It’s March, and TIP is part of Duke University, so we’re focused on one thing right now: college basketball. It’s time to watch some of the best athletes in the world, debate whether coaches are using the right strategies, and have friendly arguments about which teams and players are better.
But to win an argument, you need data. For example, if you’re arguing with your friends about the GOAT—not the animal, but about which player is the Greatest of All Time—you need to provide some reasons for your pick. Is it Michael Jordan (unfortunately, for Duke fans) because he was such a great scorer? LeBron James because he does it all? Bill Russell because he won eleven NBA championships? Do you think people are forgetting about how dominant Diana Taurasi was in college and the WNBA?
Whatever the case, you need information. You need ways to measure the impact a player has. You can start with points, assists, rebounds—but which of those statistics is more important? How do you compare players from today with players from fifty years ago?
Things quickly get complicated. But this is where the growing field of sports analytics can help.
From TIPster to data guru
In the 1980s, Sean Forman was a TIPster living in Iowa. His dad was a football coach, and Sean would help compile statistics from the games. He used to look at sports encyclopedias to find which players led the league in various categories. He got really into fantasy baseball, and he would make spreadsheets to rate players so he could build the best team.
In the 2000s, Sean was in graduate school for mathematics. He was still into fantasy sports, and he thought a website of sports data would be much easier to use than the old encyclopedias that were stored in his dad’s house. So he built one.
“I really was interested in stats and wanted something that I could use,” Sean told us in an interview. “I thought it would be useful, and I did it part time for about six years while I was in graduate school in mathematics. Then I had a job as a math professor, and quit that after six years to start doing the site full time.”
That website started as baseball-reference.com. Sean has since built other websites for basketball, football, hockey, soccer, and more at sports-reference.com. According to a New York Times profile of Sean’s company, the websites received one billion views last year.
The websites are so popular because they provide all the information fans want to know about their favorite teams and players. They fuel the arguments that we love to have with our friends. And they are changing the way we watch sports.
“I’m sure all of your readers have their phones with them all the time, and if they have a question they just look it up,” Sean says. “Fans are becoming more interested because the Internet has allowed all the Cleveland Cavaliers fans to get together and argue [for example] whether Collin Sexton is any good.”
Teams making predictions
It’s not just fans who are interested in data, though. It’s teams, too.
“Teams are collecting data that can help figure out what’s going to happen in the future,” Sean tells us. “Say that J. J. Redick is able to shoot 50 percent on open threes. That’s a valuable piece of information because now that they’ve added Tobias Harris, he’s probably going to get more open threes, so his scoring average is probably going to go up.”
To make better predictions, you need better data. That’s why teams are investing a lot of money in more advanced statistics and analytics.
For example, most basketball fans know about shooting percentages, points scored, and other standard measurements. But those only tell us “70 or 80 percent of the context of what’s happening on the basketball court,” Sean says.
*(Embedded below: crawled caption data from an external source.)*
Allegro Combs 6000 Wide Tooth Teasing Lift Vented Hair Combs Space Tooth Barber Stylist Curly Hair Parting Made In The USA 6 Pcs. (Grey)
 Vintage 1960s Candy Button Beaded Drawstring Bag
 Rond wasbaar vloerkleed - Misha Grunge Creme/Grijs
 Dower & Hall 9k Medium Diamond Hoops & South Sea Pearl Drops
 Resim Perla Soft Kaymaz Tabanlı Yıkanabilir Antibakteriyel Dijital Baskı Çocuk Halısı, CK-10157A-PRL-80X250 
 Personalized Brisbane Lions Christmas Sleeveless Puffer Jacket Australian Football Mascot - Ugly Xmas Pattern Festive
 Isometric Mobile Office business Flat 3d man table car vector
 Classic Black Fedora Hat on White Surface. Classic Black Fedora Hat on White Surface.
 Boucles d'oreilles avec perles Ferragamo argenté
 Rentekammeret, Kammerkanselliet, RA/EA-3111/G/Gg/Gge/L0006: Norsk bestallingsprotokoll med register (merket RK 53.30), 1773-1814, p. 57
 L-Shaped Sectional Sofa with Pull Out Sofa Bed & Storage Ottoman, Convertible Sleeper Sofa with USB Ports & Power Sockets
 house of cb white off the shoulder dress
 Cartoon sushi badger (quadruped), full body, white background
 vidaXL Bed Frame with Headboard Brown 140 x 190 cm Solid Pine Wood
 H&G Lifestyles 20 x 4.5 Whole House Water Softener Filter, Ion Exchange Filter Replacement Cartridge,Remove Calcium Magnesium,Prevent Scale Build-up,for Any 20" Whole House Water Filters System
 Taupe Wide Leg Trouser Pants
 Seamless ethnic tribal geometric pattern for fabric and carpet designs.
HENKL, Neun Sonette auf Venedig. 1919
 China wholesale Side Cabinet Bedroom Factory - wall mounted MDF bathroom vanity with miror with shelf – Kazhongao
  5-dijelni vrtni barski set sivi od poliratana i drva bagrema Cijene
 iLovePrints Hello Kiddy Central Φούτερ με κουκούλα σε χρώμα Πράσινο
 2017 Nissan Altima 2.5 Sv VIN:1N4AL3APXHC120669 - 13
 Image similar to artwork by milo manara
If one player scores eighteen points a game, but only plays for ten minutes, and another scores twenty points but plays for thirty minutes, which is better? Is it more helpful to score thirty points or to get thirty rebounds? To try to answer those questions, analysts are creating new statistics like win shares, which attempt to “divvy up credit for team success to the individuals on the team,” according to Sean’s website. Teams can use that information to make better decisions.
An engineering problem
In addition to the mathematics problems teams must solve to create advanced statistics, they must also solve engineering problems.
For example, say a player takes ten three-pointers and makes five them. Using a basic shooting percentage, the player looks pretty good—50 percent is a great three-point average. But what if you could determine that the player missed every shot she attempted when a defender was within five feet? You would know a lot more: she’s great at hitting open shots, but not very good and making them when she’s guarded.
But to do that, you would have to be able to measure how close the defender was every time she took a shot. The referees probably won’t let your assistant coach onto the floor with measuring tape during play, so what do you do?
The NBA solved the problem in 2013, when it installed a six-camera motion-tracking system called SportsVU in every arena. It tracks each player’s position on the court, how far he travels, how far he is from other players, how fast he’s moving, and more. Now, if you look up Kevin Durant’s shooting statistics on basketball-reference.com, you can see exactly where on the court he took each shot.
Teams can use this information to improve their game plans. And they are. In sports all across the world, players, coaches, and general managers are using these advances in statistics to get a leg up on their competition. And in the process, they’re proving that sports are as intellectual as they are physical.